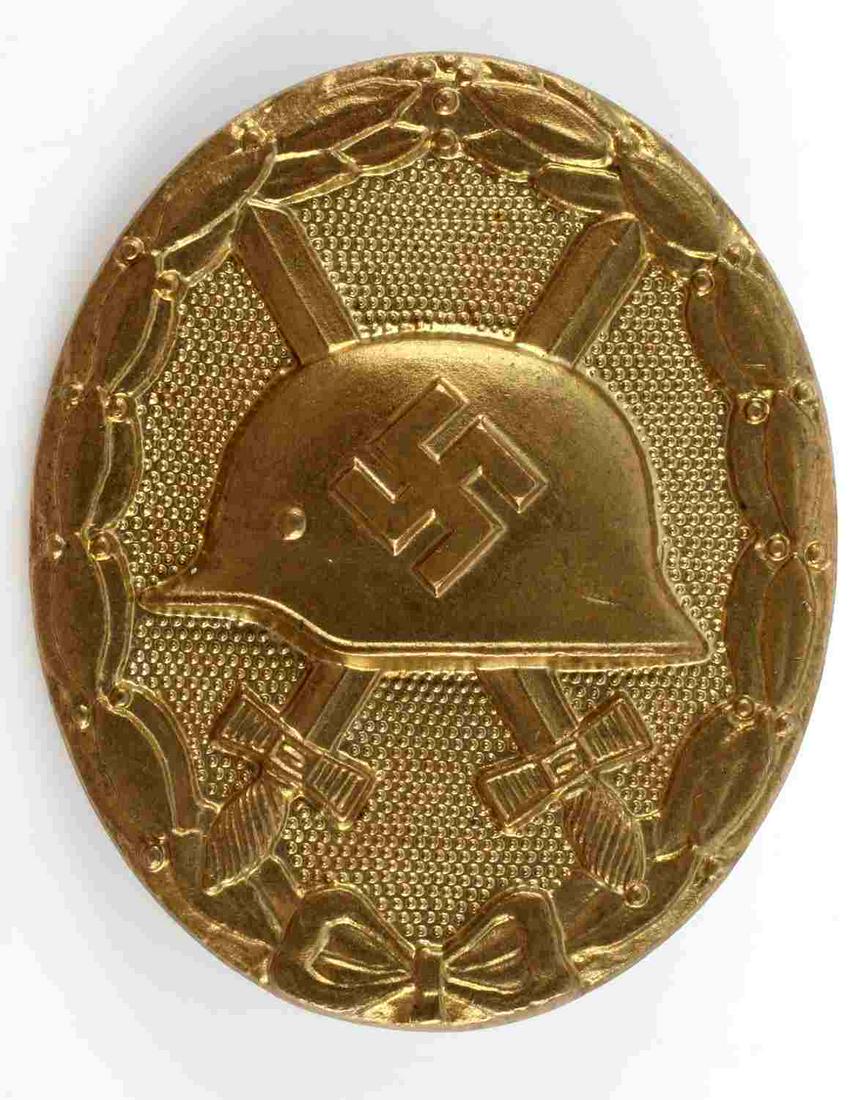 WWII GERMAN THIRD REICH NSDAP GOLD WOUND BADGE: WWII German Third Reich GOLD Wound Badge. Measures 1 7/16 X 1 3/4 inches. The front shows a German helmet in the center with a pair of crossed swords in the back ground. All three are surrounded by an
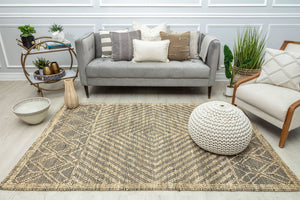 Natural woven area rug with a geometric pattern, perfect for enhancing modern living room decor.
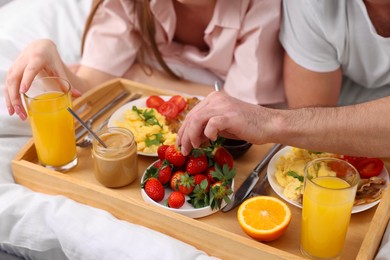 Couple eating tasty breakfast on bed, closeup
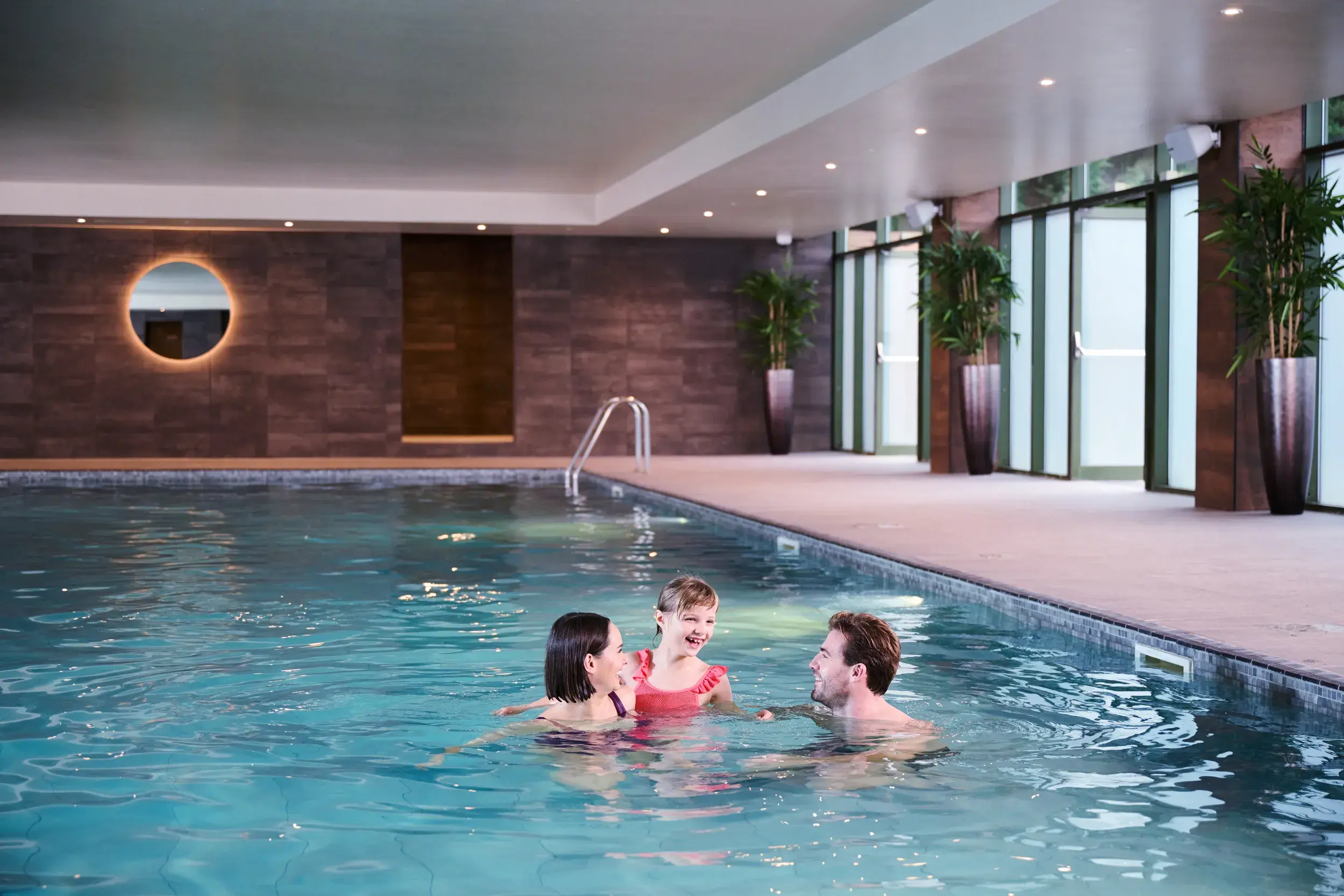 A family enjoying the pool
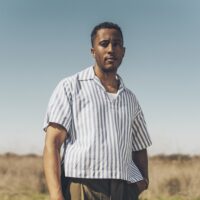 https://bricartsmedia.org/wp-content/uploads/2026/07/BraxtonCook_MCU_stripes-credit-Ricardo-Nagaoka.jpg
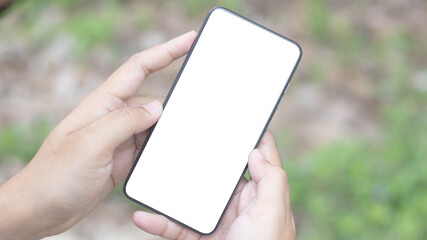 Hand holding and using smartphone with white blank on screen.
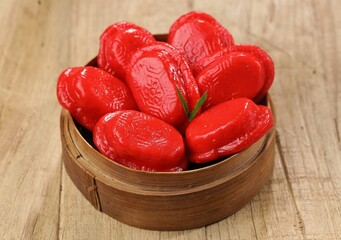 Kueku or Angku Kueh. Ku cake or tok cake or red turtle cake is a traditional small round or oval...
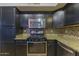 Modern kitchen with stainless steel appliances and granite countertops at 15877 W Diamond St, Goodyear, AZ 85338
--------------------------------
Exercise
Copy exactly the lines from the first line of the records above through the line with "A family enjoying the pool", both included, and nothing else. Pictures stay out.

Task output
 WWII GERMAN THIRD REICH NSDAP GOLD WOUND BADGE: WWII German Third Reich GOLD Wound Badge. Measures 1 7/16 X 1 3/4 inches. The front shows a German helmet in the center with a pair of crossed swords in the back ground. All three are surrounded by an
 Natural woven area rug with a geometric pattern, perfect for enhancing modern living room decor.
 Couple eating tasty breakfast on bed, closeup
 A family enjoying the pool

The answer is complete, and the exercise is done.